(What you are asked to do): Return the full listing unchanged, apart from leaving out its images.

(Records provided):
------------------------------------------------

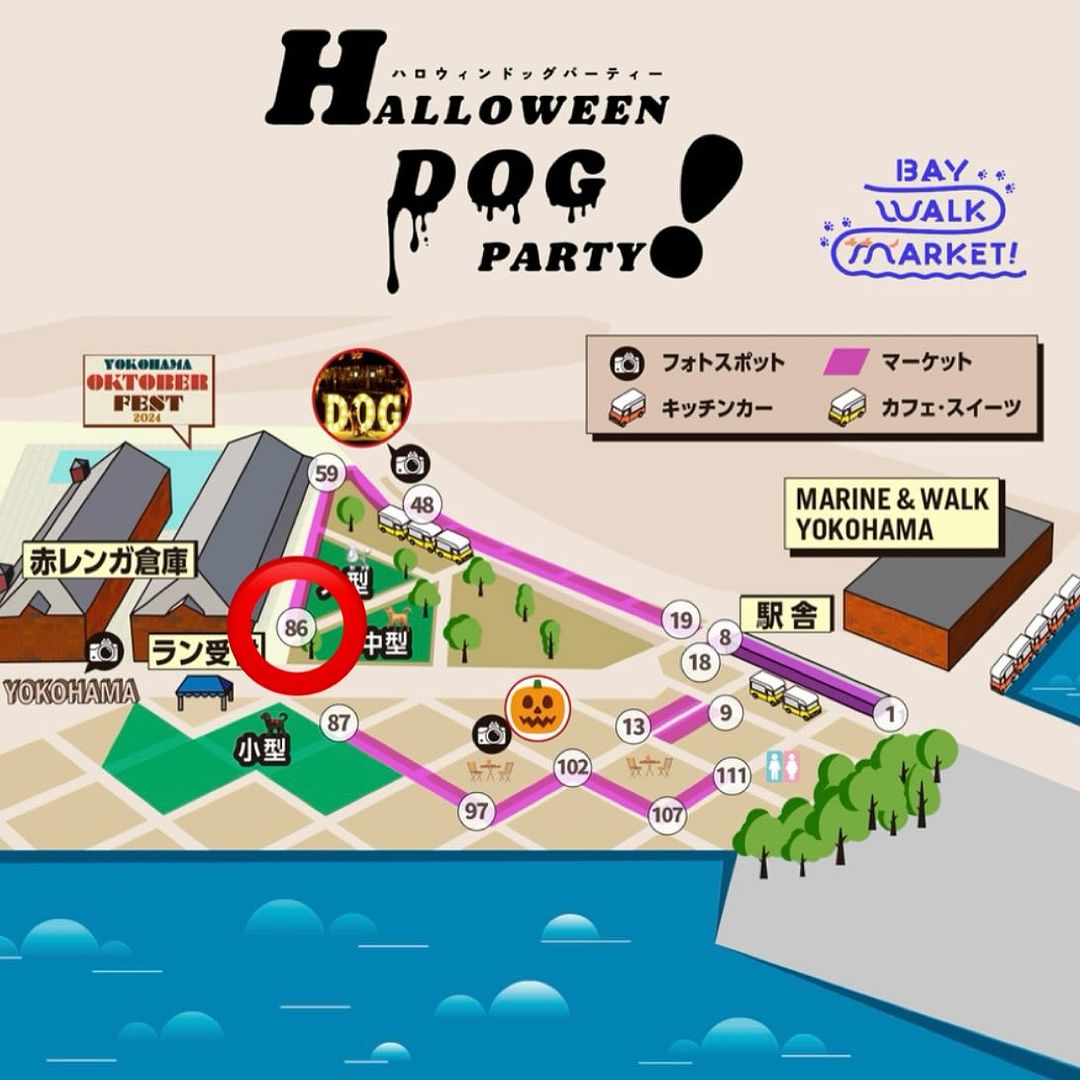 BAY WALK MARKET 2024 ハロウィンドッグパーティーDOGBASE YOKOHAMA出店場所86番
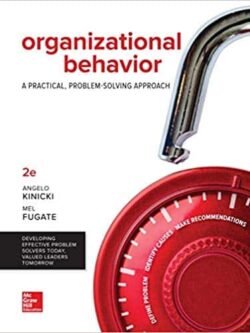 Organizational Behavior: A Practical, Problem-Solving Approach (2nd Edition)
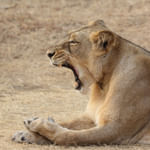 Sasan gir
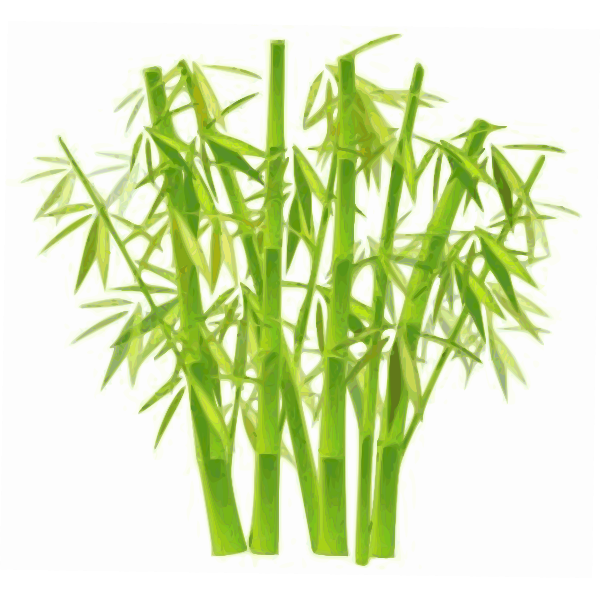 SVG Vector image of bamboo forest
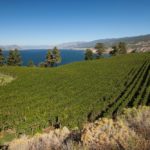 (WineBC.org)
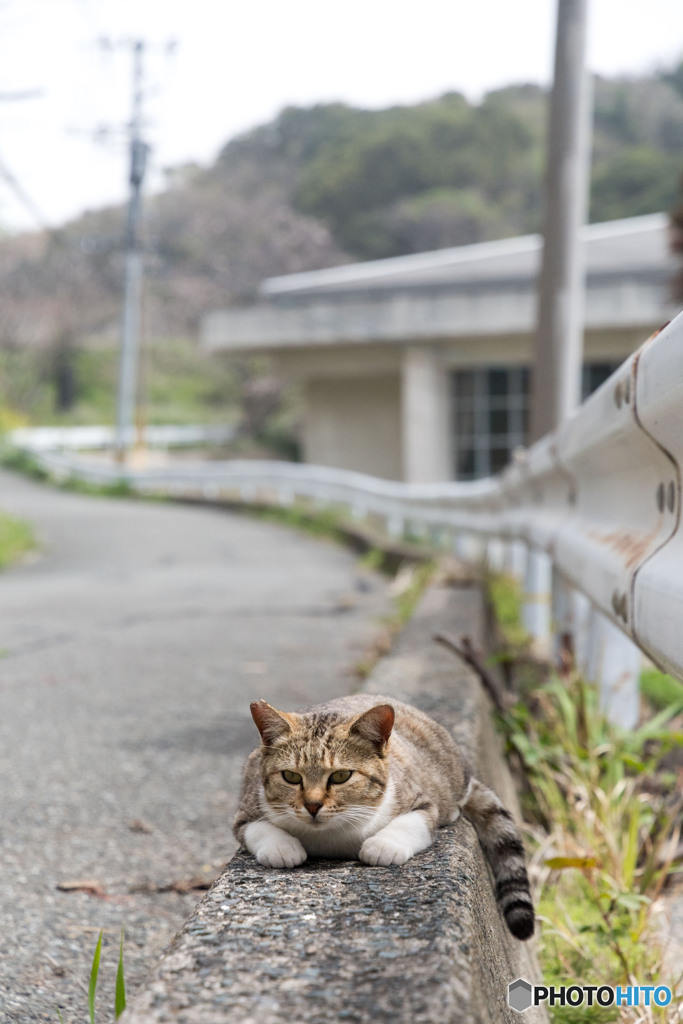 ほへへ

------------------------------------------------

(Solution to this exercise):
 BAY WALK MARKET 2024 ハロウィンドッグパーティーDOGBASE YOKOHAMA出店場所86番
 Organizational Behavior: A Practical, Problem-Solving Approach (2nd Edition)
 Sasan gir
 SVG Vector image of bamboo forest
 (WineBC.org)
 ほへへ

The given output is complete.